March 09, 2026
”China’s economy is best described as two-speed, with tech‑led strength alongside persistent housing weakness. With support from external demand fading amid trade uncertainty and absent a decisive shift toward consumption‑led growth, domestic demand is likely to hold back the economy.”
Grant Feng,
Vanguard Senior Economist
After reaching 5% in 2025, GDP growth is likely to moderate to around 4.5% in 2026 as the contribution from net exports diminishes amid tariff effects and continued trade policy uncertainty. We expect growth in consumption and public investment to ease modestly. While investment in high‑tech and strategic sectors continues to grow, concerns about excess capacity suggest these gains won’t fully offset a structural decline in property investment. (On March 5, China set its 2026 growth target to a range of 4.5%–5%, its lowest target since 1991.)
Beyond cyclical factors, demographic headwinds are intensifying. China’s population has decreased for four straight years, a decline that policy support has so far failed to stem. The newborn population fell to 7.92 million in 2025, the lowest number since records began in 1949.

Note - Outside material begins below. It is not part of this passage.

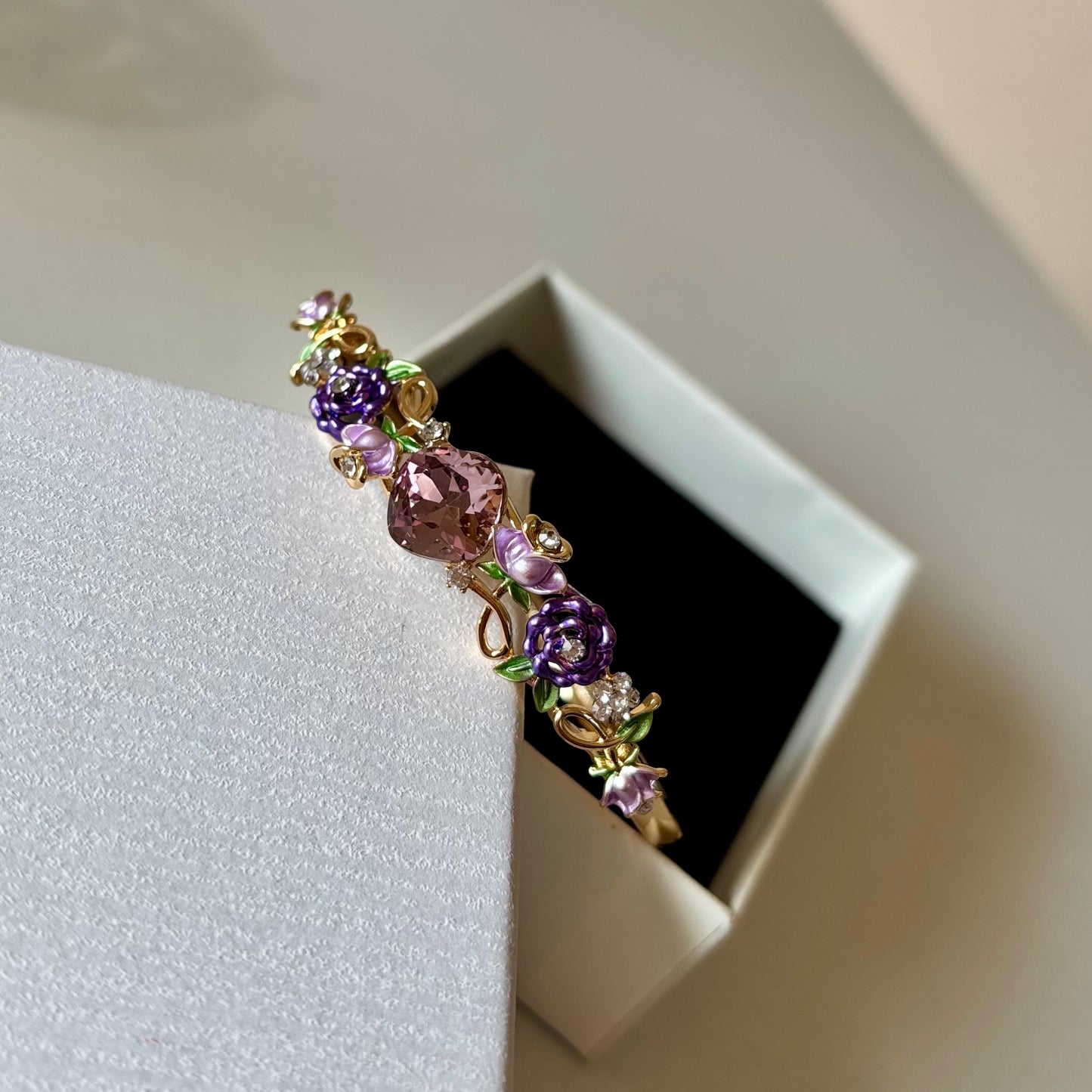 Lavender Blush - Bangle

Policymakers are increasingly concerned about China’s sharp slowdown in domestic demand. In response, the government has frontloaded bond issuance, while monetary authorities have introduced targeted rate cuts, expanded liquidity quotas for priority sectors, and lowered downpayment requirements for commercial mortgages. Even so, additional support will likely be required to prevent a further deceleration in growth in 2026. We expect the policy response to remain incremental and targeted. Further property‑related measures—including mortgage subsidies for new loans—are possible, though a broad, comprehensive rescue package still appears unlikely in the near term.

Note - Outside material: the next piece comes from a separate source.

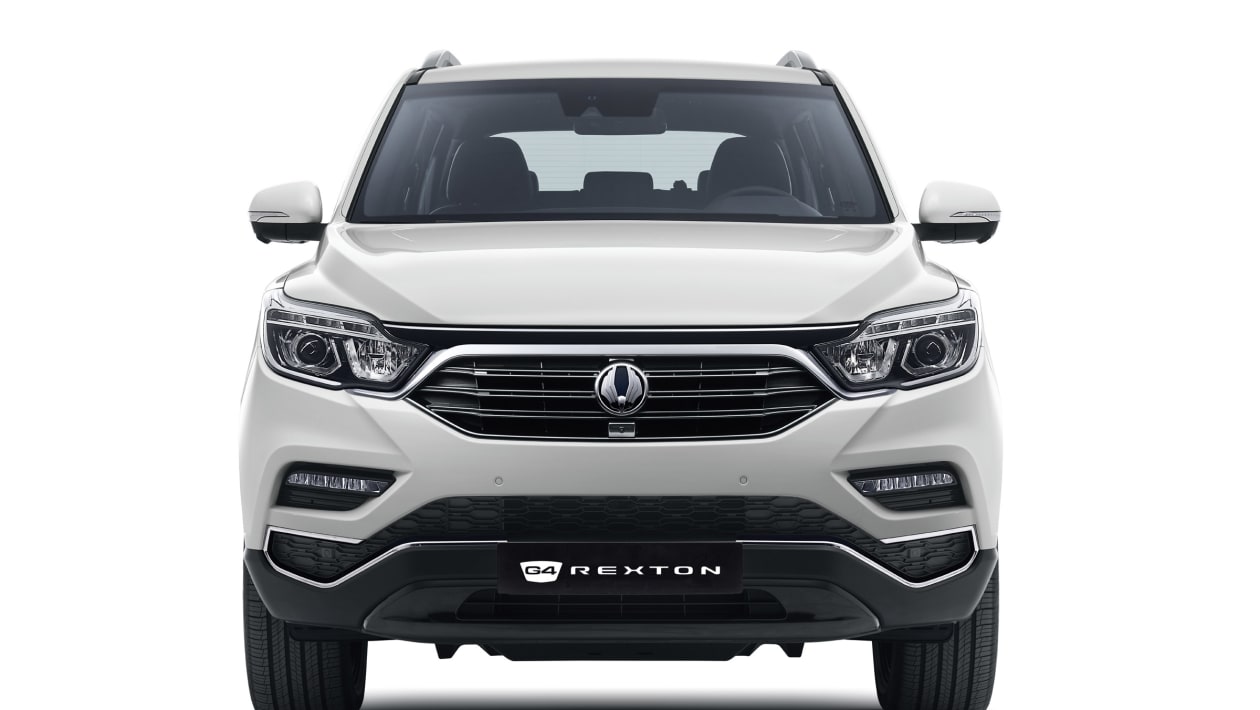 SsangYong Rexton SUV 2017 release images | Carbuyer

The potential inflationary effects of higher oil prices because of conflict in the Middle East would be felt less in China than in many other countries. The government can limit pass-through to consumer prices, and inflation is already minimal.
The People’s Bank of China has kept policy rates and liquidity conditions broadly unchanged, reiterating that any further easing will be selective. Credit growth is slowing, reflecting payback from earlier fiscal frontloading and softer household demand. By year-end, we expect only a modest policy rate cut of 20 basis points—primarily to facilitate fiscal expansion—which would bring the policy rate to 1.2%. (A basis point is one-hundredth of a percentage point.)

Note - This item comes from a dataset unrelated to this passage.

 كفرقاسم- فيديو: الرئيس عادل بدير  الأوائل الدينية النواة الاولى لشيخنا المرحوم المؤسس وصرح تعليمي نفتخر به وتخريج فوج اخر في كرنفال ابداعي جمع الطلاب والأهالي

Notes: GDP growth is defined as the annual change in real (inflation-adjusted) GDP in the forecast year compared with the previous year. Unemployment rate is as of December 2026. Core inflation is the year-over-year change in the Consumer Price Index, excluding volatile food and energy prices, as of December 2026. Monetary policy is the People’s Bank of China’s seven-day reverse repo rate at year-end.